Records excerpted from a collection

§ §

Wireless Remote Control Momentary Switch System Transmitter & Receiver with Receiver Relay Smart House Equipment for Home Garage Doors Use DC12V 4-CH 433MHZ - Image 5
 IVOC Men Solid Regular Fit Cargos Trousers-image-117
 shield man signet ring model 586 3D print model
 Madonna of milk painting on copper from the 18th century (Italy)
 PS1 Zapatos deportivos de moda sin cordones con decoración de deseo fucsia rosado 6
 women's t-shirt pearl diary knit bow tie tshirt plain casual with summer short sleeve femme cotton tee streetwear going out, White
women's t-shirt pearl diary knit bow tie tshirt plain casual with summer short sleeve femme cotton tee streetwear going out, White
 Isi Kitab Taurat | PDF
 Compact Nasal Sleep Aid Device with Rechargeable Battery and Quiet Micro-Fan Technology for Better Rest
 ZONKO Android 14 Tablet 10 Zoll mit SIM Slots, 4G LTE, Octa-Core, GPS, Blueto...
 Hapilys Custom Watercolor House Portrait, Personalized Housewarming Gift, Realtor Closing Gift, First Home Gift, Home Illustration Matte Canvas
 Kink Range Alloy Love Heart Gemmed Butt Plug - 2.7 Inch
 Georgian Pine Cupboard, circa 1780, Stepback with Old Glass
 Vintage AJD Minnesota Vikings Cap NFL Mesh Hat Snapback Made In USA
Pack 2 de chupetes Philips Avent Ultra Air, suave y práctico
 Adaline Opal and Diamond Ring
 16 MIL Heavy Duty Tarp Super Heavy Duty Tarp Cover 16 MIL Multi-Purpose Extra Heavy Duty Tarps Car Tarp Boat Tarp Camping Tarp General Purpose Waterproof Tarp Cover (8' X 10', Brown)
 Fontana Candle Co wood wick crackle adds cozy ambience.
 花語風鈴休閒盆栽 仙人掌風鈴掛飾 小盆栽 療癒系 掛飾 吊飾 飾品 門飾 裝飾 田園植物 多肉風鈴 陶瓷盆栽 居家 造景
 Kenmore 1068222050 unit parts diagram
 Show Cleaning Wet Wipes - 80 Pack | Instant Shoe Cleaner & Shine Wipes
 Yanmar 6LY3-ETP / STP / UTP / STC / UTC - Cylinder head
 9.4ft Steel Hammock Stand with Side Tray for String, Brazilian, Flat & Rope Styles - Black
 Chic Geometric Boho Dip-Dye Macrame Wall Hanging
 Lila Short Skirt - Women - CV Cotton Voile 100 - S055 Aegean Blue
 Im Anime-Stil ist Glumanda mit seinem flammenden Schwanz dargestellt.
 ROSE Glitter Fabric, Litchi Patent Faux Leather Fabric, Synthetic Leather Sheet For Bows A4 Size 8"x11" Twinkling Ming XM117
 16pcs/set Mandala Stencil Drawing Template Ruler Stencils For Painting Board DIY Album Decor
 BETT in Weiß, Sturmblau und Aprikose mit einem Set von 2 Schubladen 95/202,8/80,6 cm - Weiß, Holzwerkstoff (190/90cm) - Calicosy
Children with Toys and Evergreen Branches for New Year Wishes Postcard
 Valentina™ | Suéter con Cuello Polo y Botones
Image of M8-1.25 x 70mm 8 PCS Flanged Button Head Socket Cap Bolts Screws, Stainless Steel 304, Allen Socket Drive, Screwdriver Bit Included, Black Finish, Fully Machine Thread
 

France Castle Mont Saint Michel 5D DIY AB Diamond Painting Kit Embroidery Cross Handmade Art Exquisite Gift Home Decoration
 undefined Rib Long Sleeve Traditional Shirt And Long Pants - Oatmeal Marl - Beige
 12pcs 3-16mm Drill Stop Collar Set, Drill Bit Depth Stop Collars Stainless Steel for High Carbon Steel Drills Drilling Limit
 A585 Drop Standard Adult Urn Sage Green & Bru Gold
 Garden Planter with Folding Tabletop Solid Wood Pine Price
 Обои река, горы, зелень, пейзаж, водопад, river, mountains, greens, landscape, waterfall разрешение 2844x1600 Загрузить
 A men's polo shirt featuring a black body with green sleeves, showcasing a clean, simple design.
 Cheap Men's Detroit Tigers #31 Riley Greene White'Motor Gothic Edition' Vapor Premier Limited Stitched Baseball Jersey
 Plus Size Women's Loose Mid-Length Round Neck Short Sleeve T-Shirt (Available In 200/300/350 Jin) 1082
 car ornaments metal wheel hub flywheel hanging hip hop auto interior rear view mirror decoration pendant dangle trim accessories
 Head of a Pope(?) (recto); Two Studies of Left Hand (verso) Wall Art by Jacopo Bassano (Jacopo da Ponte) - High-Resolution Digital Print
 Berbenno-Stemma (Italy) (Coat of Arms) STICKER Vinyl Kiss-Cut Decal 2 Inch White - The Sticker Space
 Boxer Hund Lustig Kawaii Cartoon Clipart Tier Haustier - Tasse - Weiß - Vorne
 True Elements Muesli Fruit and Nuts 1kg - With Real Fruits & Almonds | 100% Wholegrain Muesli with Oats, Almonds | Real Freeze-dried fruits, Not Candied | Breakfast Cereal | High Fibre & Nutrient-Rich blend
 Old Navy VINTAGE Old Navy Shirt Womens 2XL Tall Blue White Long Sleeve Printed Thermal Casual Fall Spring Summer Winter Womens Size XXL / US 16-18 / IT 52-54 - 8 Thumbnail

§ §

- _THE TASK_: In the entries above, how many lines include the word "House"? Give only that number.

- _SOLUTION FOR THIS TASK_: 2